1. Phrase tokenization

The prompt is split at sentence boundaries (., !, ?, newlines), then long sentences are further split at clause boundaries (,, ;) until each chunk is roughly 35–60 characters. This gives phrase-level granularity without the noise of token-level coloring.

2. Baseline generation

The full unmodified prompt is sent to the model once to get a reference output. All subsequent comparisons are made against this baseline.

3. Saliency computation

Three methods are available:

Method	Mechanism	API calls	Best for
Perturbation	Replaces each phrase with `[...]`	N+1	General use, fastest
Leave-One-Out	Removes each phrase entirely	N+1	Short, dense prompts
Paraphrase	Asks the model to rewrite each phrase as something maximally vague, then re-runs	2N+1	Most semantically accurate signal

4. Divergence measurement

Output similarity is computed using character trigram cosine similarity - overlapping 3-character substrings are extracted from both outputs, frequency vectors are built, and cosine distance is computed. Saliency score = 1 - similarity. This is language-agnostic, requires no NLP library, and is robust to surface-level paraphrasing in the model output.

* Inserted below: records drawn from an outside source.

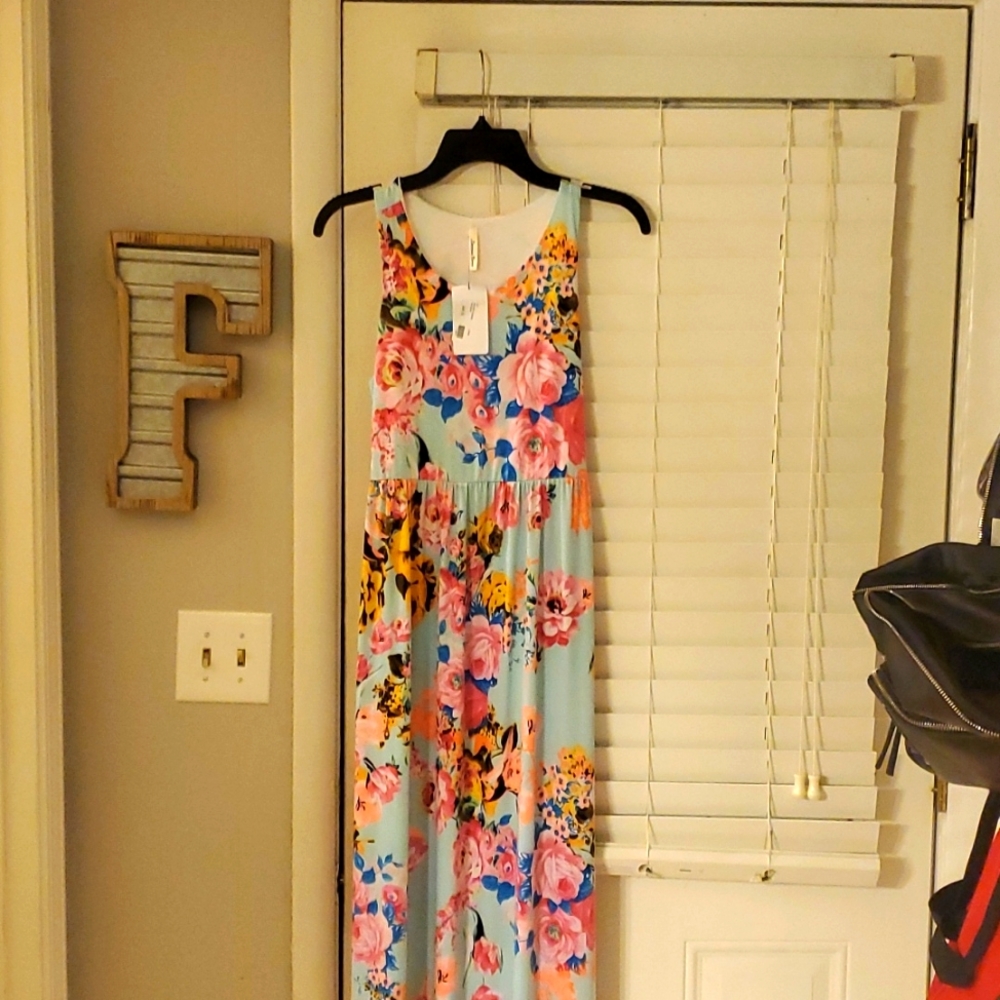 floral print maxi dress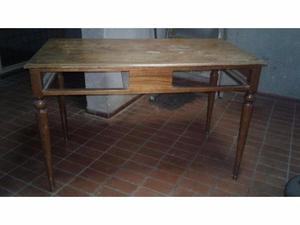 Mesa madera antigua.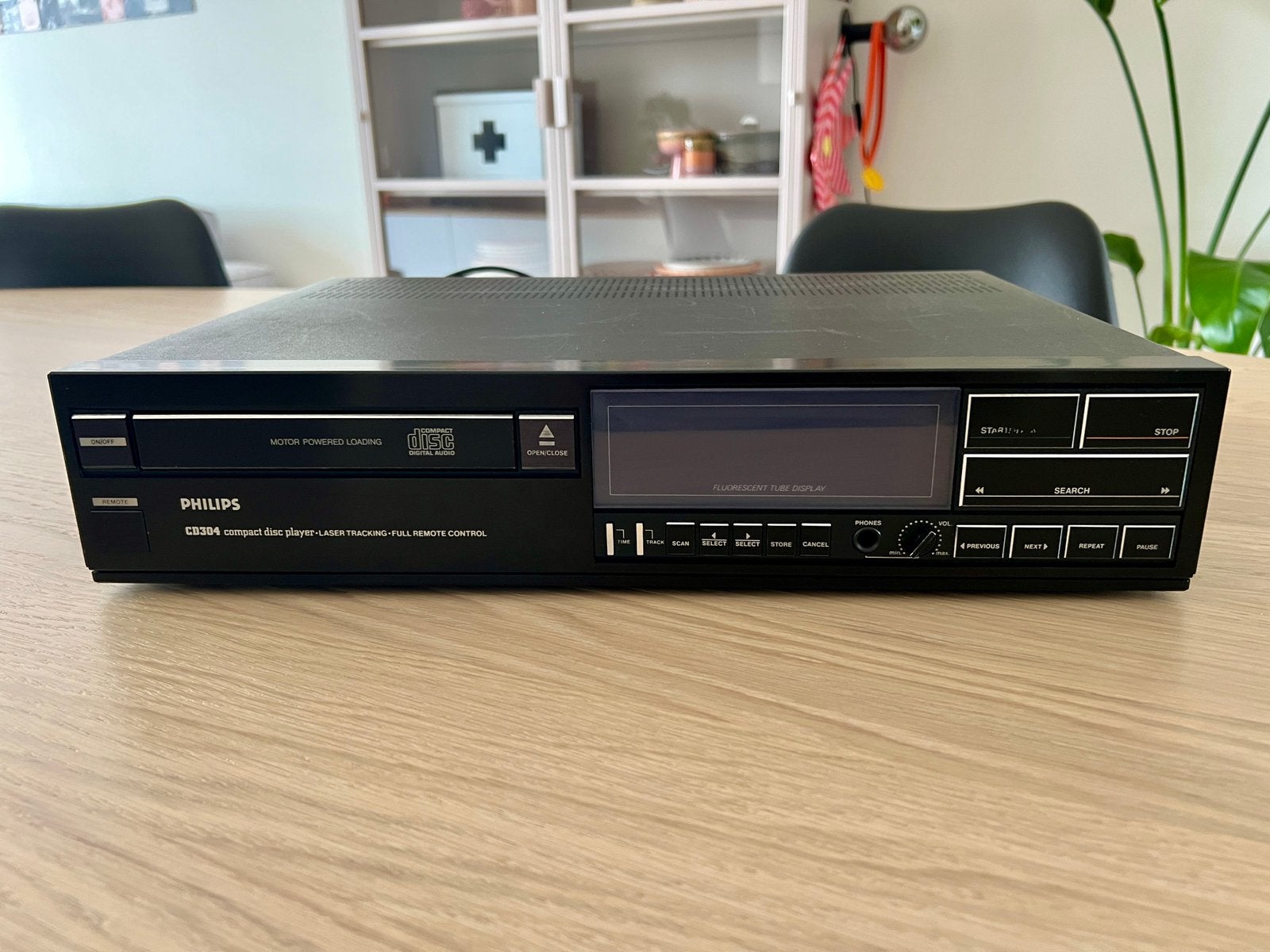 Philips CD304 cd speler, Ophalen of Verzenden, Niet werkend, Philips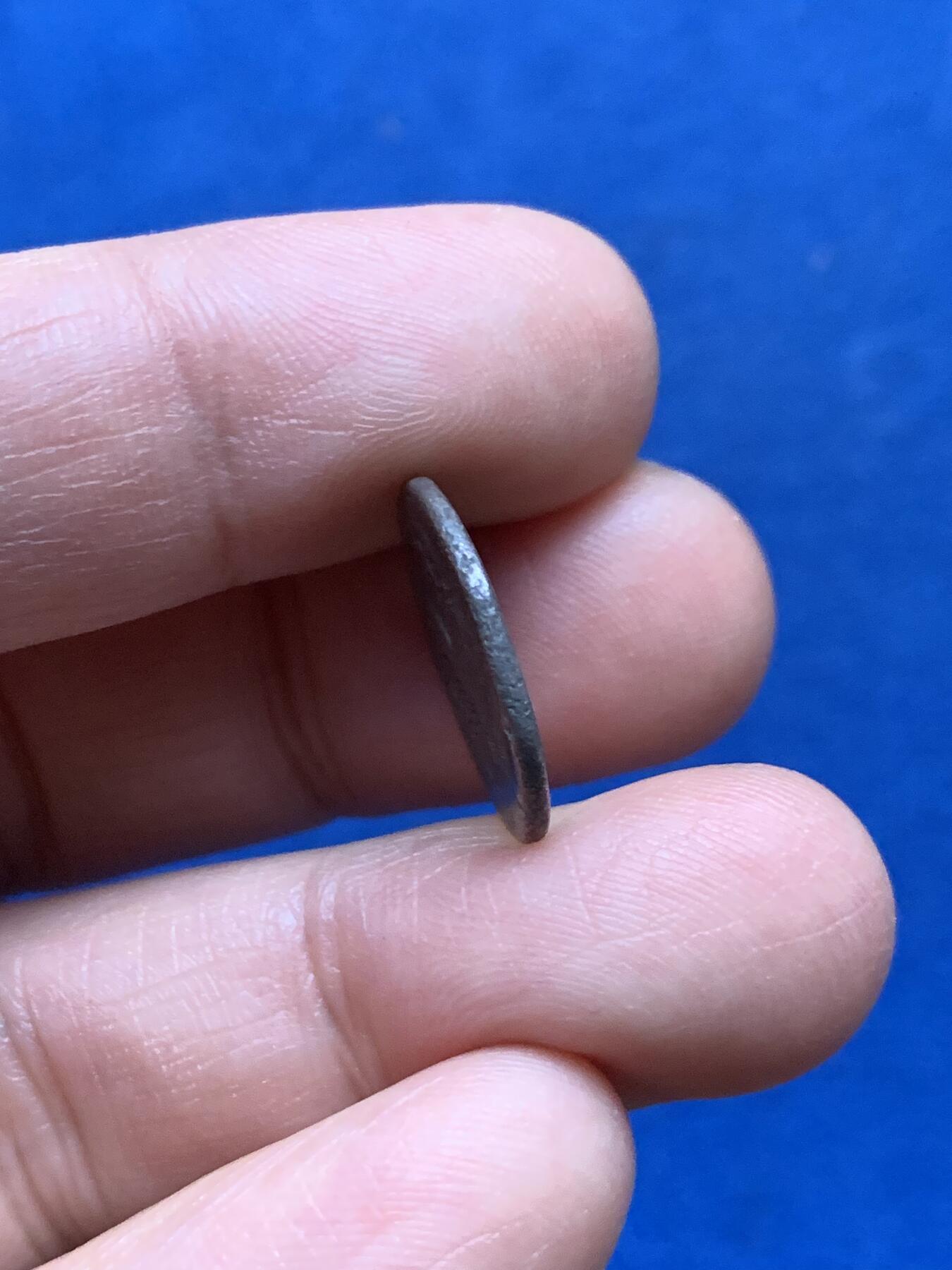 《竞宝斋》第450场 周日，周一，周二  3场连拍 （全场包邮，欢迎送拍） 古罗马共和 公元前123年 卡约之子马库斯·范尼乌斯“胜利女神驾驷马车”迪纳里银币 3.64克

Chose this technique on this basis of: Smolka, A., Wang, H.-M., Chang, J. S. et al. (2022). Is Character Trigram Overlapping Ratio Still the Best for Aligning Paraphrases?

But due to the apparent limitations of this technique, I will be looking towards moving towards a better saliency measurement formula in the next iteration.

5. Normalisation and rendering

Raw scores are min-max normalised across all phrases so the full colour range is always used. Each phrase is rendered as an inline span with a background interpolated across a 5-stop gradient (dark blue → cyan → amber → orange → red). Hovering any phrase shows its exact impact percentage.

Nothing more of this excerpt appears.